Do you want to take on a new challenge? These languages are the most difficult for English speakers to learn. You may take a bit longer to learn, but you are definitely worth the challenge.
THE HARDEST LANGUAGES FOR ENGLISH SPEAKERS
In fact, the hardest language to learn is also the most widely spoken native language in the world. Mandarin Chinese is one of the hardest languages for English speakers to learn. First, the writing system is very difficult for English speakers who are accustomed to the Latin alphabet. In addition to the usual challenges which come with learning any language from scratch, people learning Mandarin also have to memorize thousands of special characters, unlike anything seen in Latin based languages.
However, writing is not the only difficult part of learning Mandarin. The tonal nature of the language creates speaking it really hard as well. Apparently, there are some Chinese dialects, including Cantonese, spoken especially in southeastern China, as well as in Hong Kong and other parts of Southeast Asia that have different written characters and pronunciations, and are also really difficult to learn. For your information, Mandarin Chinese has four tones. So one word is able to be pronounced four different ways. Each pronunciation has a different meaning. For example, the word ma can mean “mother,” “rough,” “horse” or “scold” depending on how you say it.
The second hardest languages for English speakers to learn is also in the top five most spoken world languages: Arabic. Apparently, there are dozens of varieties of the Arabic language that are generally classified by the region or country in which they are spoken, that can be different radically from one another. So, the first step is to select which dialect you want to learn.
You have to note that Arabic is another language with a non-Latin alphabet. There are 28 script letters that are easier for English speakers to learn than the thousands of Chinese characters. However, it is still an adjustment to become familiar with a new writing system. The thing which makes reading and writing in Arabic particularly challenging for the beginners is the exclusion of most vowels in words. This makes reading the language very difficult. Also, Arabic is written from right to left instead of left to right, that takes some getting used to.
Aside from that, there are also characteristics of spoken Arabic which make it hard to learn. Some of the sounds used do not exist in other languages or unfamiliar to English speakers, including sounds made in the back of your throat. The grammar is challenging too. Verbs tend to come before the subject. You need to learn a dual form of words in addition to the singular and plural forms.
It is hard to learn Polish. Spelling and grammar are a couple of areas in which Polish is able to give English speakers a hard time. Words are loaded with many consonants, that makes them difficult to spell and pronounce. For example, szczęście means “happiness” and bezwzględny means “ruthless.” In terms of grammar, there are 7 cases: it is like German on steroids. However, on the bright side, Polish uses a Latin alphabet. Therefore, the letters are more familiar to English speakers than those used in Arabic, Chinese, and other non-Latin languages. In addition, being able to speak Polish as a second language makes you in a coveted group, considering Poland’s developing status as a major economy in Europe.
Russian is the fourth hardest language to learn for us who use a Cyrillic alphabet. It is made up of letters both familiar and unfamiliar. However, the speaker must beware, some of the Cyrillic letters may look familiar but create a different sound than the Latin letter they resemble. For example, “B” in the Cyrillic alphabet creates a “V” sound.
Grammatically, Russian is not as difficult as Polish but darn close. Polish has 7 cases, while Russian has six.
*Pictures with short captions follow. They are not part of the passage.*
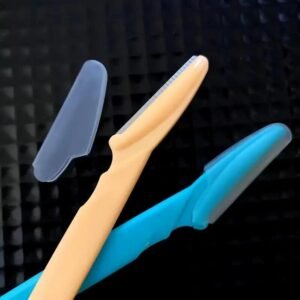 Rasoio Per Sopracciglia Rasoio Per Il Viso Trimmer Sopracciglia Acciaio Capelli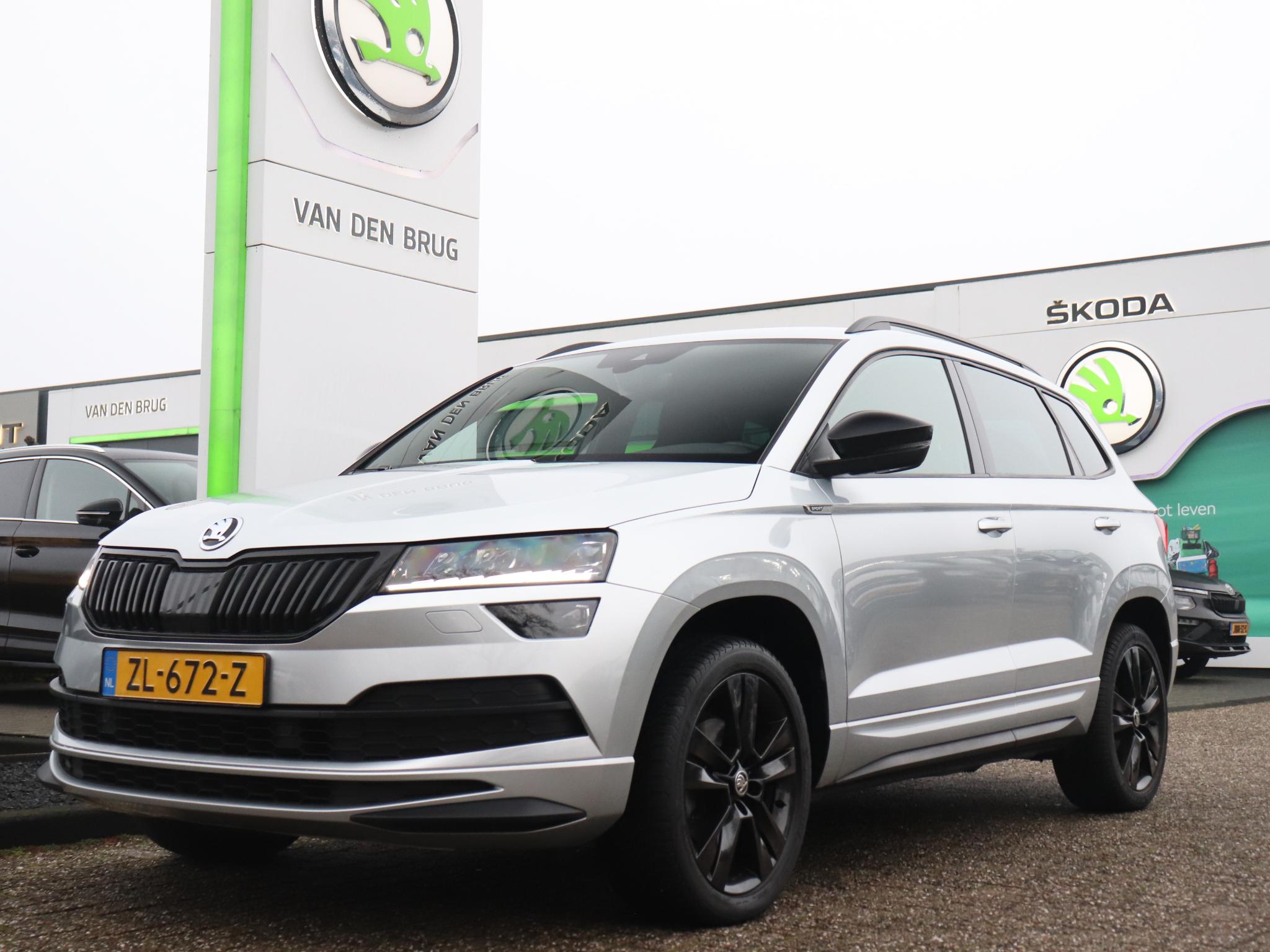 Škoda Karoq 1.5 TSI 150PK AUTOMAAT Sportline Business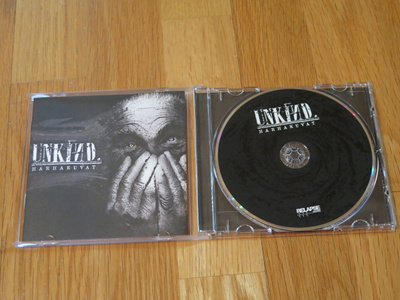Unkind - Harhakuvat CD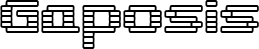 Gaposis font
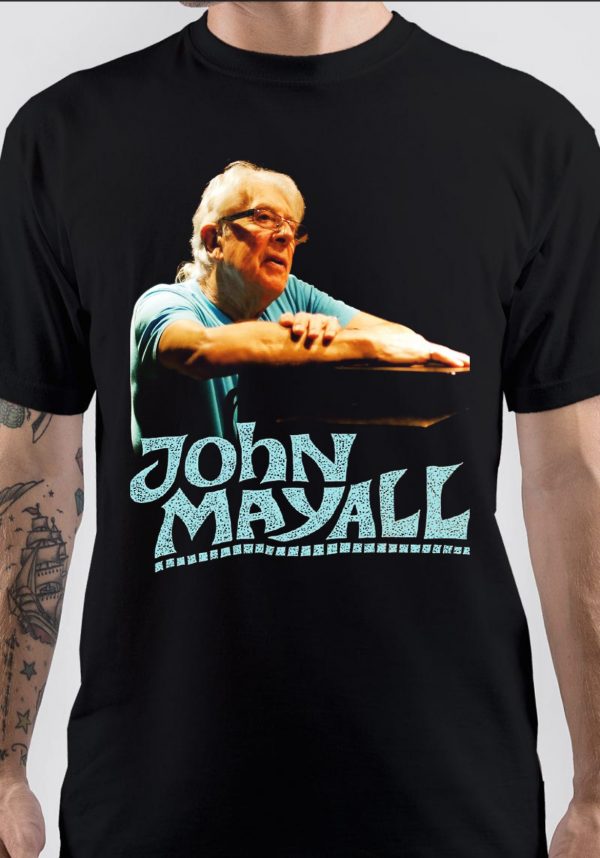 John Mayall T-Shirt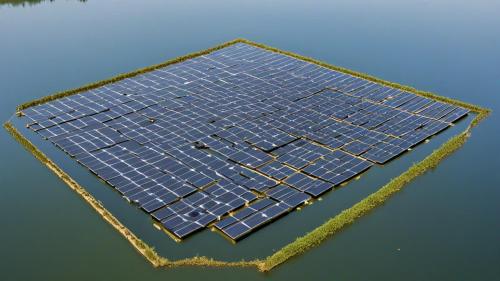 The untapped potential of floating solar farms and why they're the next big thing in renewable energy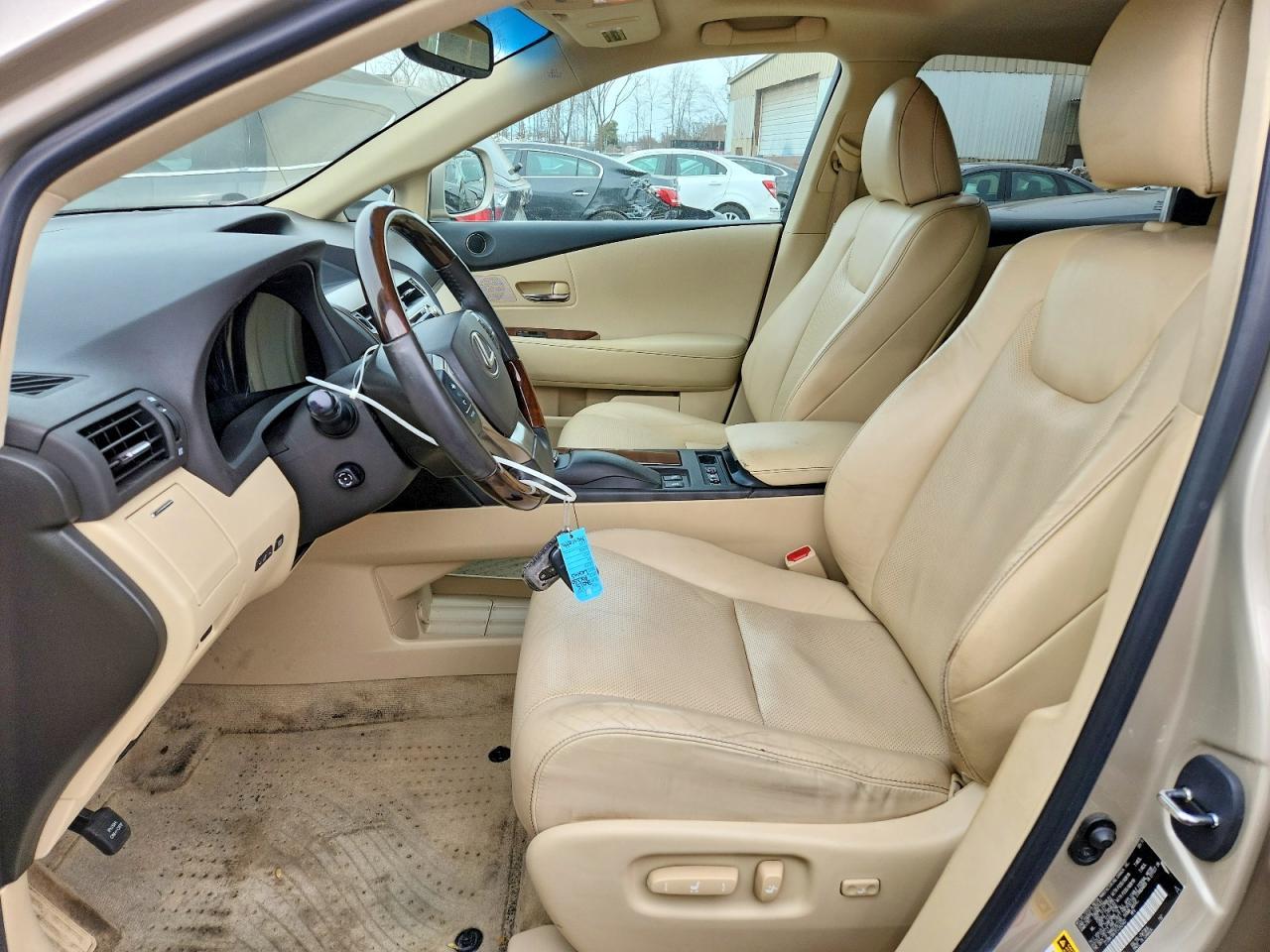 2015 LEXUS RX 350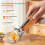 Makes Scooping Easier and Less Tiring, Home-Use Electric Ice Cream Scoop/Scoop with Integrated Heating Function C 3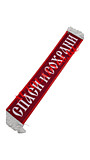 Вымпел прямоугольный 100*500 мм Спаси и Сохрани красный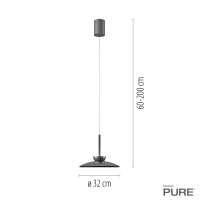 PURE Moon 1fg - platin (Auswahl)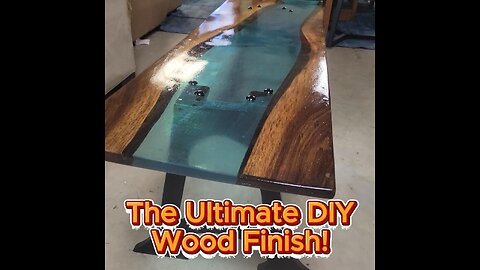 How To Make The Ultimate DIY Wood Finish!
Russians also omit the verb “to be” in the present tense, that can throw beginners for a loop once they try to form basic sentences. In Russian, “I am a student” will simply translate to “I student.” Like Polish, Russian uses many consonants clustered together, that makes spelling and pronunciation a challenge. In spite of its difficulty, Russian may be worth the extra effort to learn. It is an extremely culturally and politically relevant language, opening the door to numerous career and leisure occasions.
Turkish is an agglutinative language, that basically means prefixes and suffixes are attached to words to specify their meaning and indicate direction, rather than using separate prepositions. This results in really long verbs, like konuşmayı reddediyorlar (“they refuse to talk”). Turkish also includes a concept English speakers may confuse: Vowel harmony, where Vowels are changed or endings with vowels are added to create a word flow more smoothly. Besides, a large number of unfamiliar vocabulary words (Arabic origin) add to the difficulty of learning Turkish. However, the good news for Turkish learners is that there are relatively few grammar exceptions in comparison to other languages, spelling is straightforward to master, and it is a nice way to explore a rare agglutinative language.
Another hardest language to learn for English speakers is Danish. If you read other articles on the easiest languages to learn, you may remember that the Germanic languages from Scandinavia largely dominated that list. In fact, Swedish and Norwegian took the top two spots. Like those languages, Danish has simple grammar concepts relatively and shares many cognates with English. So, why is Danish on the list of the hardest languages to learn? The answer is Pronunciation. Words sound nothing like the way they are spelled, that can be quite off upset for a beginner. For example, mit navn er (my name is) is pronounced meet now’n air. In fact, mastering Danish pronunciation takes a good deal of practice, creating it a significantly harder language to learn for us.